Kimin dostumuz, kimin arkadaşımız olduğunu biliriz ama neden onu dost kabul ettiğimizi tarif etmekte zorlanırız.

Dostu tarif etmek zor.

Onu her türlü çıkardan arındırmış bir arkadaş olarak tanımlaya kalktığımızda bu zaten normal bir arkadaşlığın asgarisi. İnsan çıkar için iş kurar, ticaret yapar.

Bazan ortak bir geçmiş, sınanmışlıklar sonucunda dostluk ortaya çıkar. Bazen bir kaç günde, bir kaç sohbette.

Sizi yağmurda kapı önünde bekletsede imkanı olsa kapıyı açacağına inandırmış olmalı.
Yada size kızsa bile haklı olabileceğini, yada haklı olmasa bile, kızsanız bile genede onu kırmağa üzüleceğiniz, bunu da görmeyeyim diyebileceğiniz biri.

Bir dostlukta güven vardır, vefa vardır ama sırf bunların varlığı dostluk kurulmasına kafimidir? Dostluk tanımı için bundan fazla bir şey olması lazım. Hatta zorlanıldığında dostların birbirlerine güven duymadan da dost olabileciğini kabul edebilirz belki. Herkes tarafından laf taşıdığı bilinen kimselerin bile dostu , dostları olabilir.

Dışardan bakıldığında tek tarafın daha verici olduğu görünen dostluklarda vardır.
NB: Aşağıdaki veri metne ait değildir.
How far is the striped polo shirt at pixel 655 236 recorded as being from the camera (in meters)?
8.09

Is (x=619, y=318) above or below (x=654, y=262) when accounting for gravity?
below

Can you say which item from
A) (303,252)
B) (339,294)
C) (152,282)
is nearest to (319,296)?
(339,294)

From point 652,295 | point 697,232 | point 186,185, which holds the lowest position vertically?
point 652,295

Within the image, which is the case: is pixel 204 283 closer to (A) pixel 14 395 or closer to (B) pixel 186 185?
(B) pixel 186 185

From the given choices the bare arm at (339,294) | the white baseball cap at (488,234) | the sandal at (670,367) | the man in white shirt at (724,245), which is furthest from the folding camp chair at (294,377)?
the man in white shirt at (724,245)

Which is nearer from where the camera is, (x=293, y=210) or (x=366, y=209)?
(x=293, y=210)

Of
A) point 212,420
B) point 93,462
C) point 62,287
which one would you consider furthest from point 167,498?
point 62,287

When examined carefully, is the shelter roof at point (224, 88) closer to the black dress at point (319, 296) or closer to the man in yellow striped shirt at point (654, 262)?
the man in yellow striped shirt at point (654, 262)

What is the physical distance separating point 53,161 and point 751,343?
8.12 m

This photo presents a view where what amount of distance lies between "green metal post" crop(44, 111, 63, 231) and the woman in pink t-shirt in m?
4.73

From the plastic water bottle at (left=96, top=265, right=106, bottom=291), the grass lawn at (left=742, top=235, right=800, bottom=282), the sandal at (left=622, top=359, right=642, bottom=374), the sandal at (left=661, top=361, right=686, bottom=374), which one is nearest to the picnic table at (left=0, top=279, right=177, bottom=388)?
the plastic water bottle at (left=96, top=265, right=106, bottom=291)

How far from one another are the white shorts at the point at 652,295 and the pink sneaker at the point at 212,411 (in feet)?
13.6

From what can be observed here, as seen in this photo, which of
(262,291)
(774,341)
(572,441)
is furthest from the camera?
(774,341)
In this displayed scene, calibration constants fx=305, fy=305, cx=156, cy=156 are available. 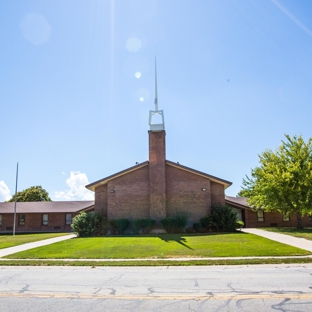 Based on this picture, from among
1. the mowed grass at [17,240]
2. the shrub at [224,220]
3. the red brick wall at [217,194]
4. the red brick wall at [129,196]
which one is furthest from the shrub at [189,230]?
the mowed grass at [17,240]

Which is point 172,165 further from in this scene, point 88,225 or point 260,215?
point 260,215

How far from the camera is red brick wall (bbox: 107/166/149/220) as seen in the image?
25.3 meters

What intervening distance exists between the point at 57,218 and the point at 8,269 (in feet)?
87.6

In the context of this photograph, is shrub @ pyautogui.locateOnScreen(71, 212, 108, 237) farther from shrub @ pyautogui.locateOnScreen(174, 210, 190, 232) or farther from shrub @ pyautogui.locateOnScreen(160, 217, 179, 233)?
shrub @ pyautogui.locateOnScreen(174, 210, 190, 232)

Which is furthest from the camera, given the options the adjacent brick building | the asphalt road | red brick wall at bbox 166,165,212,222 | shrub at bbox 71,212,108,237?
the adjacent brick building

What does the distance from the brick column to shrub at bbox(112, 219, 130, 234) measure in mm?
2152

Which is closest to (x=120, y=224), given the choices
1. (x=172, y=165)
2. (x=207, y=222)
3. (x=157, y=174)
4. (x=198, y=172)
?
(x=157, y=174)

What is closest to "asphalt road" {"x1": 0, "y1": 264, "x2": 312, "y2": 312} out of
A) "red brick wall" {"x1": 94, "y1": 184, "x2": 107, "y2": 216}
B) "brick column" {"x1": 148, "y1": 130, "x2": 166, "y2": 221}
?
"brick column" {"x1": 148, "y1": 130, "x2": 166, "y2": 221}

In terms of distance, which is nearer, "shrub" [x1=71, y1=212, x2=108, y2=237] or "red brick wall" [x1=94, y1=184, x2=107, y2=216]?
"shrub" [x1=71, y1=212, x2=108, y2=237]

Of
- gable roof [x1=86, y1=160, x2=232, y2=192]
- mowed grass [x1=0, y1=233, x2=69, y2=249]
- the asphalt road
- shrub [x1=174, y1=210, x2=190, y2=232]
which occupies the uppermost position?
gable roof [x1=86, y1=160, x2=232, y2=192]

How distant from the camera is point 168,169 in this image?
84.9 feet

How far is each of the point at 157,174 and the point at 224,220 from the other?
648 cm

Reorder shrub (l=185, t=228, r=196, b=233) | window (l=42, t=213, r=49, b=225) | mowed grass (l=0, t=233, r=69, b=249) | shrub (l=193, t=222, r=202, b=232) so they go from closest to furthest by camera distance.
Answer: mowed grass (l=0, t=233, r=69, b=249) < shrub (l=193, t=222, r=202, b=232) < shrub (l=185, t=228, r=196, b=233) < window (l=42, t=213, r=49, b=225)

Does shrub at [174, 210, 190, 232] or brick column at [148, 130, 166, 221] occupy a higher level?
brick column at [148, 130, 166, 221] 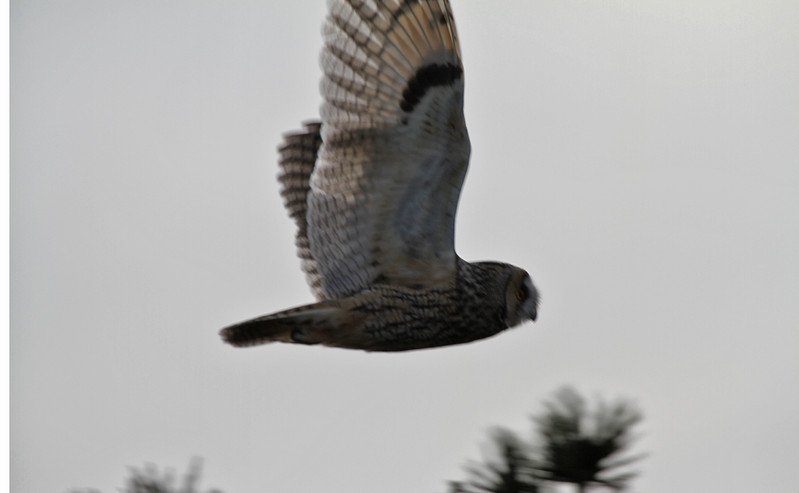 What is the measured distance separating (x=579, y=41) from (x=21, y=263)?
1.11 m

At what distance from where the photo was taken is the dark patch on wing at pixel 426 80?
5.95 ft

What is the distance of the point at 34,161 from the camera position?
1.99 meters

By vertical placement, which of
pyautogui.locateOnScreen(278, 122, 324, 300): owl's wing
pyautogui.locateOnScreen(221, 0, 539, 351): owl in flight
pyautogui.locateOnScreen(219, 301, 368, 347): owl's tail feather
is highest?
pyautogui.locateOnScreen(278, 122, 324, 300): owl's wing

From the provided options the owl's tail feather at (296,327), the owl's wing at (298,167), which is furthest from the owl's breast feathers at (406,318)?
the owl's wing at (298,167)

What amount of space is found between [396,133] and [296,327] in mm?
359

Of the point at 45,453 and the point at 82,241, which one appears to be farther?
the point at 82,241

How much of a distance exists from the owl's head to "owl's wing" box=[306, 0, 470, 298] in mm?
109

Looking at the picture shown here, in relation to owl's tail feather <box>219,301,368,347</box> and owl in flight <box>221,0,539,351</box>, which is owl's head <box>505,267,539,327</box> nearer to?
owl in flight <box>221,0,539,351</box>

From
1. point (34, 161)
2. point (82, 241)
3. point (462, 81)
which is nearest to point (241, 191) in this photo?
point (82, 241)

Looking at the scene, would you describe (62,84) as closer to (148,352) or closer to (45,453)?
(148,352)

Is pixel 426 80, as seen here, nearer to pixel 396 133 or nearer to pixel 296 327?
pixel 396 133

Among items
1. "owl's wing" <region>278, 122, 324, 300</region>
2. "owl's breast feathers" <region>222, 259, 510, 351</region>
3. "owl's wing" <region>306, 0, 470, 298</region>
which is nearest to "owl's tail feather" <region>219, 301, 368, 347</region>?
"owl's breast feathers" <region>222, 259, 510, 351</region>

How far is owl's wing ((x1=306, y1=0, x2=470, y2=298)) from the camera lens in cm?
182

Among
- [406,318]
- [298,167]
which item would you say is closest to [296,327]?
[406,318] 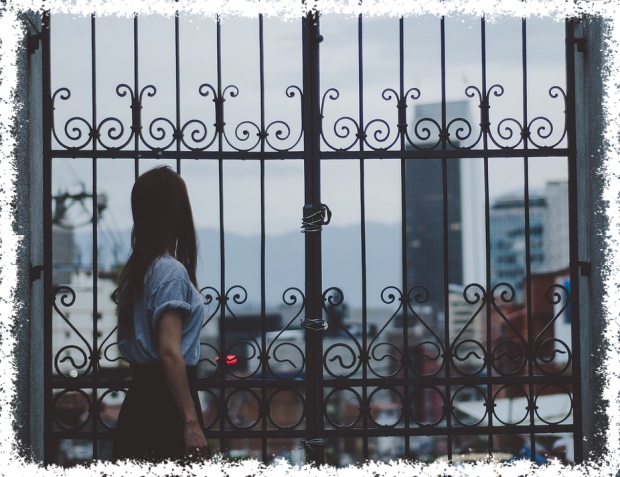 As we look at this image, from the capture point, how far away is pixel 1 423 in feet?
10.9

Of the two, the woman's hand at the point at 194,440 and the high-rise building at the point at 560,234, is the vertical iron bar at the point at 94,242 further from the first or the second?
the high-rise building at the point at 560,234

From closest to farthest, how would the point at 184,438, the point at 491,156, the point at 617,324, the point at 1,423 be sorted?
the point at 184,438 < the point at 1,423 < the point at 617,324 < the point at 491,156

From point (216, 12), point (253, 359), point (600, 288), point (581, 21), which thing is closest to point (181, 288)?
point (253, 359)

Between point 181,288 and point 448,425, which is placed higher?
point 181,288

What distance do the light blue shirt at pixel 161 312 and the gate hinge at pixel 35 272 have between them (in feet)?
2.84

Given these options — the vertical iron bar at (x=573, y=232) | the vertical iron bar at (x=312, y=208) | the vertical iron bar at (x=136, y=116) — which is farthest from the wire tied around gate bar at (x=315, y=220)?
the vertical iron bar at (x=573, y=232)

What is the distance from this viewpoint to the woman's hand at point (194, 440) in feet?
8.81

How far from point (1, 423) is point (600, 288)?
2655 millimetres

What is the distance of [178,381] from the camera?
268 cm

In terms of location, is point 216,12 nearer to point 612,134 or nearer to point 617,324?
point 612,134

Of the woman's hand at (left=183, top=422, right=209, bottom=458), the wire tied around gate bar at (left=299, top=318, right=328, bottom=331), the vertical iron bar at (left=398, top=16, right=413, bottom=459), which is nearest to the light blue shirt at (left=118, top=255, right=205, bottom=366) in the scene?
the woman's hand at (left=183, top=422, right=209, bottom=458)

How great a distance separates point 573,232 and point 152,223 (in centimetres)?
203

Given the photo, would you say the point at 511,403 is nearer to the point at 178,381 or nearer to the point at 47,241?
the point at 178,381

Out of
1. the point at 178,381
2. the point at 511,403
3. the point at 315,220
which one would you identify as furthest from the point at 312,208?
the point at 511,403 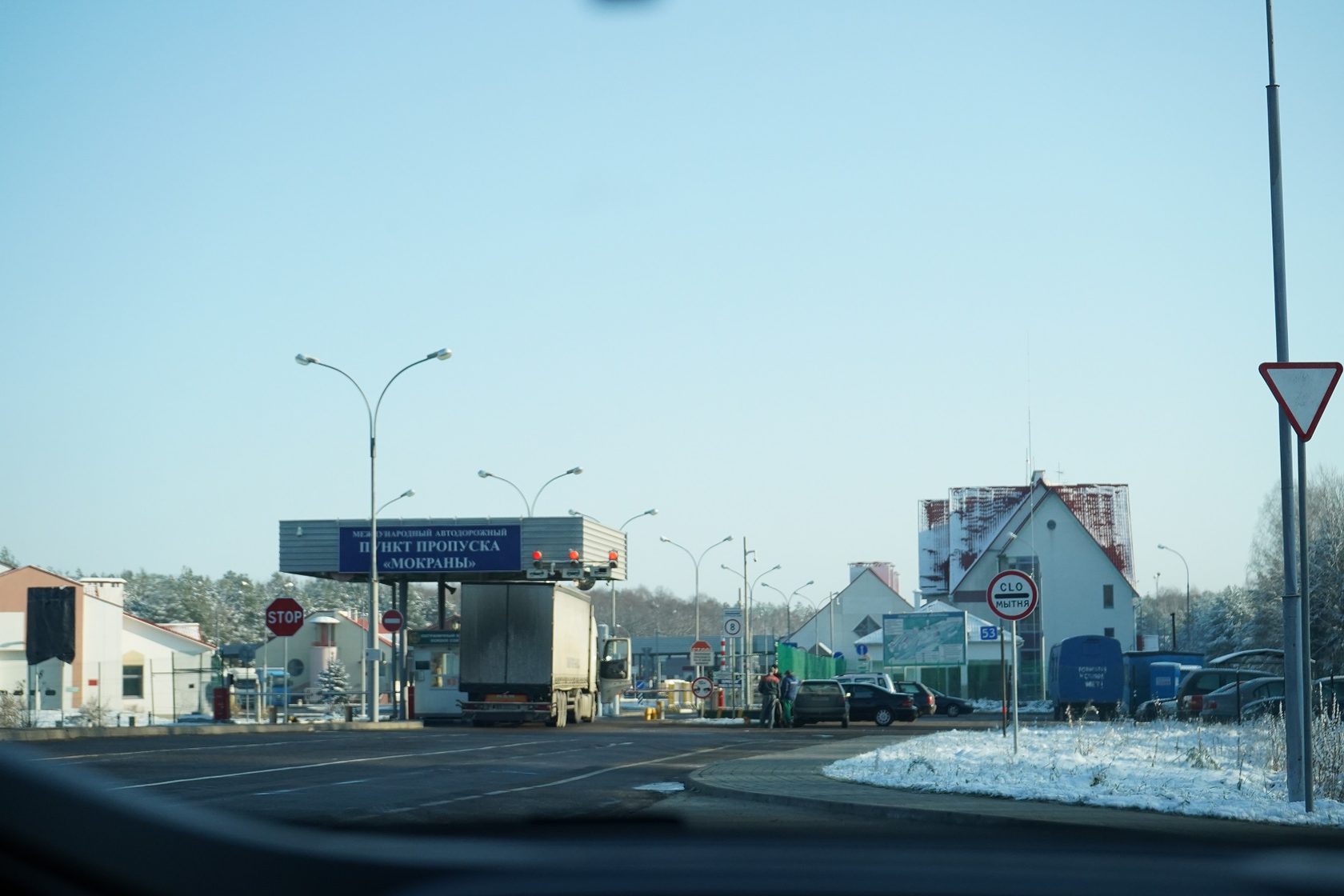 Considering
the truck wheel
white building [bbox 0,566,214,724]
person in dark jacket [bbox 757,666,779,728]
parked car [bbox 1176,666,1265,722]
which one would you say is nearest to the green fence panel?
person in dark jacket [bbox 757,666,779,728]

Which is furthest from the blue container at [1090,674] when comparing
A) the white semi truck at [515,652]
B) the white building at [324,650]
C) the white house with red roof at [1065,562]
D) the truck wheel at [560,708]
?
the white building at [324,650]

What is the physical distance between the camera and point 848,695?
46094 mm

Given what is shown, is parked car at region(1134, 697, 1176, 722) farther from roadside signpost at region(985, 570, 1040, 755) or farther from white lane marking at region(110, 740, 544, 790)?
roadside signpost at region(985, 570, 1040, 755)

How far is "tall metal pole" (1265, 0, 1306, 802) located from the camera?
14195 millimetres

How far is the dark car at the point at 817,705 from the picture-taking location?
4147 cm

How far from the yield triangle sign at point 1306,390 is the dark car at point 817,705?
2873 cm

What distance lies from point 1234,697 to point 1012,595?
16.6 meters

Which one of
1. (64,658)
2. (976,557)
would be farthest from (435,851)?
(976,557)

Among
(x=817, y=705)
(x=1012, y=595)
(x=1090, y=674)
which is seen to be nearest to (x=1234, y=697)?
(x=817, y=705)

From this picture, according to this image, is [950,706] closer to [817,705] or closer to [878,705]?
[878,705]

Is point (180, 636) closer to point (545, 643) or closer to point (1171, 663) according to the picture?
point (545, 643)

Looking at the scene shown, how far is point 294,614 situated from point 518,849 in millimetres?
32694

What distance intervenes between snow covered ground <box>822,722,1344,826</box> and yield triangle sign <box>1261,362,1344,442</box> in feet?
11.7

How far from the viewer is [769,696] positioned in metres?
39.8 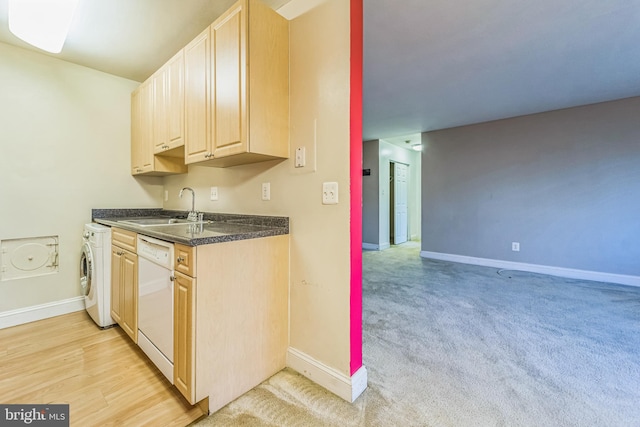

Bir tarafın devamlı verici olduğu; verci olanını bunu ; bir sömürülme hissinden , vefa duygusundan ziyade; karşındaki ile birlikte bir birlik olabilme hali olarak kabul edebilir. Belkide temelde dostluk, bir kendini unutuş ile beraber, birlikte hissedebilme, birlik olabilmedir.

Dostluğun bir diğer özelliği, belli bir zamana sıkışmaması, her zaman kaldığı yerden devam etmesidir. Bu birlik halinin her zaman tekrar tecrübe edilebileceğine duyulan inançtan doğuyor olabilir. Kendini karşındaki ile tecrübe edebilme, açabilme, kendine unutma ve huzur içinde karşındakine dikkat kesilme.